**Exercise:** Word for word, the data below must be repeated in full; no picture is to be included.

**Provided material:**

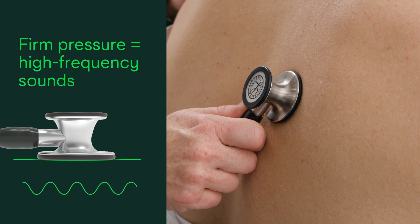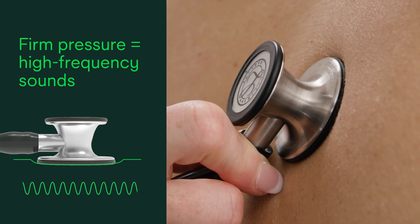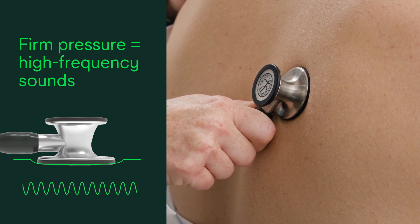To hear high frequency sounds, apply firm contact pressure to the chest piece. By pressing on the chest piece, the movement of the diaphragm membrane is restricted. This blocks or attenuates low frequency sounds, allowing you to hear higher frequency sounds.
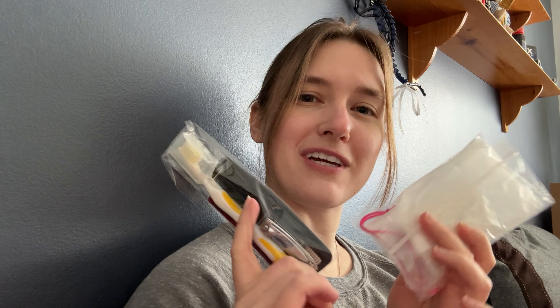Hygiene items are a really important thing to include in shoe boxes. If you're new to packing, sometimes where these boxes are going, access to these items can be a little bit hard to get. Sometimes they're very expensive, so when you go out shopping, keep an eye out for deals on various hygiene items.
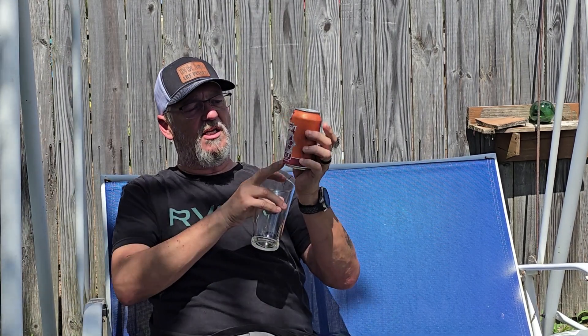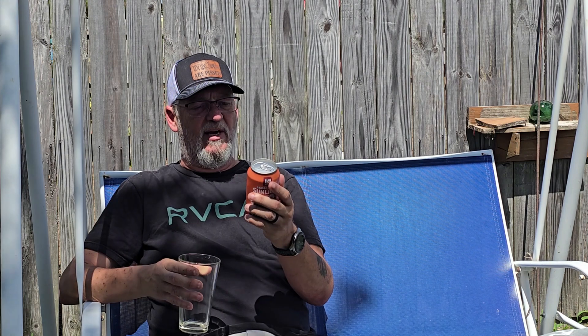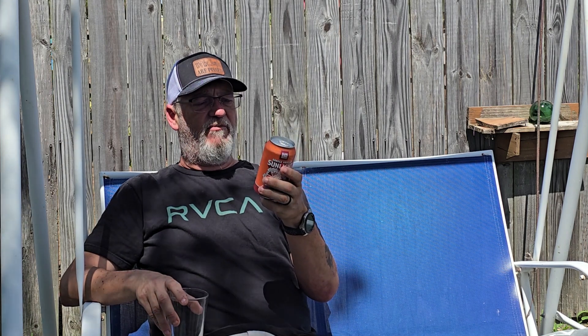The can says Sarasota, Florida but also says Indianapolis, Indiana, so I guess they've got two different breweries. Not sure which one this physically came from — I guess you don't really know. It reads: 'Orange Vanilla Sunlight Cream Ale — combines smooth malt character with the flavors of vanilla and orange with its crisp, clean finish. Brewed and packaged by Sun King Brewery, Indianapolis and Sarasota.'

**Solved exercise:**
To hear high frequency sounds, apply firm contact pressure to the chest piece. By pressing on the chest piece, the movement of the diaphragm membrane is restricted. This blocks or attenuates low frequency sounds, allowing you to hear higher frequency sounds.
Hygiene items are a really important thing to include in shoe boxes. If you're new to packing, sometimes where these boxes are going, access to these items can be a little bit hard to get. Sometimes they're very expensive, so when you go out shopping, keep an eye out for deals on various hygiene items.
The can says Sarasota, Florida but also says Indianapolis, Indiana, so I guess they've got two different breweries. Not sure which one this physically came from — I guess you don't really know. It reads: 'Orange Vanilla Sunlight Cream Ale — combines smooth malt character with the flavors of vanilla and orange with its crisp, clean finish. Brewed and packaged by Sun King Brewery, Indianapolis and Sarasota.'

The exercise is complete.